Une histoire des logiciels
La première partie de « Sotware takes command » s’intéresse à l’histoire de l’invention du média logiciel, dans laquelle les travaux d’Alan Kay, dans les années 1970 et au début des années 1980, jouèrent un rôle important. Manovich définit les caractéristiques du logiciel. A commencer par les algorithmes, différents selon qu’il s’agisse d’un logiciel de traitement de texte ou de traitement d’images. A propos de la visualisation d’informations, l’auteur estime qu’il s’agit « d’un exemple intéressant de technique ‘indépendante’ en raison de la variété des algorithmes utilisés pour représenter visuellement les données ». Pour illustrer son propos, Lev Manovich propose l’étude du cas Photosphop (logiciel Adobe).
« Les techniques, les outils, les conventions des applications de médias logiciels ne sont pas le résultat du passage d’un média analogique à un média numérique (…) Ils sont le résultat d’idées intellectuelles conçues par des pionniers qui travaillaient pour de grands laboratoires, celui des produits actuels développés par les compagnies de logiciels et les communautés open source, celui d’un processus culturel et social mis en place lorsque beaucoup de gens et d’entreprises commencent à les utiliser, et celui des forces du marché du logiciel et de ses contraintes », explique Lev Manovich.
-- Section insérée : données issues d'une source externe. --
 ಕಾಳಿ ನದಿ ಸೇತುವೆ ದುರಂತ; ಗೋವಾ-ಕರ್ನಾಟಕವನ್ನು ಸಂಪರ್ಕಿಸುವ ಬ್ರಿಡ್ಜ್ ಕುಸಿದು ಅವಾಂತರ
« Le logiciel (…) inclut davantage de contrôle et davantage de manières de représenter les données »
Le média numérique serait ainsi le résultat d’un « développement graduel » et d’une « accumulation » de techniques, d’algorithmes, de structures de données, de conventions pour la réalisation d’interfaces, et de métaphores. Dans la deuxième partie, Lev Manovich aborde les aspects de l’hybridation et de l’évolution des logiciels qui « combinent l’ADN des médias qui y sont apparentés », une forme de « remix » que l’on retrouve notamment dans les mashup. Il y formule l’équation suivante : support (medium) = algorithmes (les noms) + une structure de données (les verbes). Il s’intéresse ici aussi aux formats de fichiers et aux paramètres des logiciels. Et il rappelle qu’il ne faut pas oublier que les pratiques de programmation informatique sont embarquées (embeded) dans une structure économique et sociale, qui imposent leurs contraintes et prérogatives.
La dimension esthétique du logiciel
La troisième partie de « Software takes command » s’intitule « Le logiciel en action ». L’auteur s’intéresse cette fois à un autre logiciel de la suite Adobe, After Effetcts, et aborde les aspects visuels et esthétiques du logiciel (media design).
Dans ses conclusions, Lev Manovich pose plusieurs constats : l’ordinateur est le premier méta support (meta medium – une combinaison de médias existants et à inventer) ; et la « logicielisation » virtualise des techniques existantes et en ajoute beaucoup de neuves qui modifie l’identité de chaque médium qui les utilise. Cette notion d’extension permanente n’est pas sans conséquences : l’utilisation d’algorithmes et de structures de données modifie les moyens/modes de connaissance et en crée de nouveaux.
(L.D.)
Lev Manovich. « Software takes command », Bloomsbury, 2013, 357pp.